◆ **GOAL OF THE EXERCISE**
Of the material below, only the lines from the line containing "Relógio de Acrílico" down to the line containing "A male one piece" belong in the answer, written out exactly.

◆ **WORKING DATA**
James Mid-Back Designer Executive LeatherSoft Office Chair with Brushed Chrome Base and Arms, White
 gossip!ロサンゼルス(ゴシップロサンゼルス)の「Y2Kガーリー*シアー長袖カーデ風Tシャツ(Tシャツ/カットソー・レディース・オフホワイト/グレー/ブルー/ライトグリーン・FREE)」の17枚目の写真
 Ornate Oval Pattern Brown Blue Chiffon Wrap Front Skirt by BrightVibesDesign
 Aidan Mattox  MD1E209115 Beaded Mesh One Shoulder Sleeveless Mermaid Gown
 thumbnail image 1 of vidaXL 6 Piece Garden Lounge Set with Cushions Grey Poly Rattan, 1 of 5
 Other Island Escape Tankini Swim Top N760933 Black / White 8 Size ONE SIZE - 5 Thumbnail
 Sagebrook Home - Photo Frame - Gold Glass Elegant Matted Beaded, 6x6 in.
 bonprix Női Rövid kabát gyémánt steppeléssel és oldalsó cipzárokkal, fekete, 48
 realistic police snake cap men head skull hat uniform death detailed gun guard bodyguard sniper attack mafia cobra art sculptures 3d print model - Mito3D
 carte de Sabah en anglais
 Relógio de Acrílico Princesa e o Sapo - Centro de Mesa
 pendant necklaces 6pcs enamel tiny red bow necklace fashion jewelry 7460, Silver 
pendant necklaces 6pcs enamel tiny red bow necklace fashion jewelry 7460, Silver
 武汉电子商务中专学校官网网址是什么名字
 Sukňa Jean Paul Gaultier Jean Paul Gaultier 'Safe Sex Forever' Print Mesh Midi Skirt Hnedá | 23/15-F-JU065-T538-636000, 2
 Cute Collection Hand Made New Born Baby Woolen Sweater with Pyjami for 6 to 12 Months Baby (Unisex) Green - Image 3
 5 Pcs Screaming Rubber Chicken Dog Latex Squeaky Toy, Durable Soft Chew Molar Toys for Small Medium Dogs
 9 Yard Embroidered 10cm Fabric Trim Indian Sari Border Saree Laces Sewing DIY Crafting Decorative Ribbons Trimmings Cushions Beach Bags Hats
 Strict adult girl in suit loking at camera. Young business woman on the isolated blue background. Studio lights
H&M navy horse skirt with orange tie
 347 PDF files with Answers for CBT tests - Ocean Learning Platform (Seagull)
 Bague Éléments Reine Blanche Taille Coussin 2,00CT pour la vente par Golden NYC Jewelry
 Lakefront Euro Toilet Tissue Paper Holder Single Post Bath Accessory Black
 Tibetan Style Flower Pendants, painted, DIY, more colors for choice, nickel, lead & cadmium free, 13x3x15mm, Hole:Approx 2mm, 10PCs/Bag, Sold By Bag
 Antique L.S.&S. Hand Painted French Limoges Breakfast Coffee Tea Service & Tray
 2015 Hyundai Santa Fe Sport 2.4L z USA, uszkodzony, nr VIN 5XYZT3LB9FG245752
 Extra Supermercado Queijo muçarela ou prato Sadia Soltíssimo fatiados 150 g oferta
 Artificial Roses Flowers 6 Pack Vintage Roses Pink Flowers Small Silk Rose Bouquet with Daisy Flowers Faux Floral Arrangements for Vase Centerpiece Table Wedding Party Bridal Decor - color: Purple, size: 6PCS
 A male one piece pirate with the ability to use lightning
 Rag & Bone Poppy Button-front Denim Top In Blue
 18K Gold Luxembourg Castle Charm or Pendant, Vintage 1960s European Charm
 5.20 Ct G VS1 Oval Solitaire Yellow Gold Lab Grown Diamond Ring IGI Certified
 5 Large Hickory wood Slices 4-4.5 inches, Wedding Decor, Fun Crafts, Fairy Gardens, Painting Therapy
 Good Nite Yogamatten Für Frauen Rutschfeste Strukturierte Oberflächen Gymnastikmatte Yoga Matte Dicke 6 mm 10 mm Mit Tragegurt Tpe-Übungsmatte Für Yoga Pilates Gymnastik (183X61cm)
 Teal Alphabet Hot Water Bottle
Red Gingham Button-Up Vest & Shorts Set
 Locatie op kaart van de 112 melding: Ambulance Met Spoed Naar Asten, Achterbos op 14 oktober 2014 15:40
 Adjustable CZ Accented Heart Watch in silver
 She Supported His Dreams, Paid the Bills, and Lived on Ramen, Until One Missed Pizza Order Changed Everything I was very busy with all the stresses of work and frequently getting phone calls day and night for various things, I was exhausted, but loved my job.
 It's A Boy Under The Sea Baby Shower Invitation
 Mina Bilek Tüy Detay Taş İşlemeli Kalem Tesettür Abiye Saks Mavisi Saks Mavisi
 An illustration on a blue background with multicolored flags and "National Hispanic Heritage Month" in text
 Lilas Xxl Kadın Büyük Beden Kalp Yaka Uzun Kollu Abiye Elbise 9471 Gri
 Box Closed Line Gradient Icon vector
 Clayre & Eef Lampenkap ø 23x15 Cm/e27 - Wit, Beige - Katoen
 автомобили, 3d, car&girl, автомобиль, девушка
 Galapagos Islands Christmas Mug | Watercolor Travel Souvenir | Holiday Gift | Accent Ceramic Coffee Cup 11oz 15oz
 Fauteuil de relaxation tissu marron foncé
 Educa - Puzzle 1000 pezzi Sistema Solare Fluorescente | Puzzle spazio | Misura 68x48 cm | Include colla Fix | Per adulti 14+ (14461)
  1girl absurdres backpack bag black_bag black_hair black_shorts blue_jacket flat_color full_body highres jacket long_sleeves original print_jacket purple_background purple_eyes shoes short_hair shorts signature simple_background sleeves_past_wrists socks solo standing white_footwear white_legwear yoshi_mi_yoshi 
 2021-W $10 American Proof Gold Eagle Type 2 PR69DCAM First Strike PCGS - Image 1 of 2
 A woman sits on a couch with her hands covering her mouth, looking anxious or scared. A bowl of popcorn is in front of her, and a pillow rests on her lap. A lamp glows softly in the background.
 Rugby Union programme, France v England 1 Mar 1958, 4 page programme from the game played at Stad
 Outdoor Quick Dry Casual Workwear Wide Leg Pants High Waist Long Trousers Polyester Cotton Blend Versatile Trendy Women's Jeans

◆ **YOUR RESPONSE**
 Relógio de Acrílico Princesa e o Sapo - Centro de Mesa
 pendant necklaces 6pcs enamel tiny red bow necklace fashion jewelry 7460, Silver 
pendant necklaces 6pcs enamel tiny red bow necklace fashion jewelry 7460, Silver
 武汉电子商务中专学校官网网址是什么名字
 Sukňa Jean Paul Gaultier Jean Paul Gaultier 'Safe Sex Forever' Print Mesh Midi Skirt Hnedá | 23/15-F-JU065-T538-636000, 2
 Cute Collection Hand Made New Born Baby Woolen Sweater with Pyjami for 6 to 12 Months Baby (Unisex) Green - Image 3
 5 Pcs Screaming Rubber Chicken Dog Latex Squeaky Toy, Durable Soft Chew Molar Toys for Small Medium Dogs
 9 Yard Embroidered 10cm Fabric Trim Indian Sari Border Saree Laces Sewing DIY Crafting Decorative Ribbons Trimmings Cushions Beach Bags Hats
 Strict adult girl in suit loking at camera. Young business woman on the isolated blue background. Studio lights
H&M navy horse skirt with orange tie
 347 PDF files with Answers for CBT tests - Ocean Learning Platform (Seagull)
 Bague Éléments Reine Blanche Taille Coussin 2,00CT pour la vente par Golden NYC Jewelry
 Lakefront Euro Toilet Tissue Paper Holder Single Post Bath Accessory Black
 Tibetan Style Flower Pendants, painted, DIY, more colors for choice, nickel, lead & cadmium free, 13x3x15mm, Hole:Approx 2mm, 10PCs/Bag, Sold By Bag
 Antique L.S.&S. Hand Painted French Limoges Breakfast Coffee Tea Service & Tray
 2015 Hyundai Santa Fe Sport 2.4L z USA, uszkodzony, nr VIN 5XYZT3LB9FG245752
 Extra Supermercado Queijo muçarela ou prato Sadia Soltíssimo fatiados 150 g oferta
 Artificial Roses Flowers 6 Pack Vintage Roses Pink Flowers Small Silk Rose Bouquet with Daisy Flowers Faux Floral Arrangements for Vase Centerpiece Table Wedding Party Bridal Decor - color: Purple, size: 6PCS
 A male one piece pirate with the ability to use lightning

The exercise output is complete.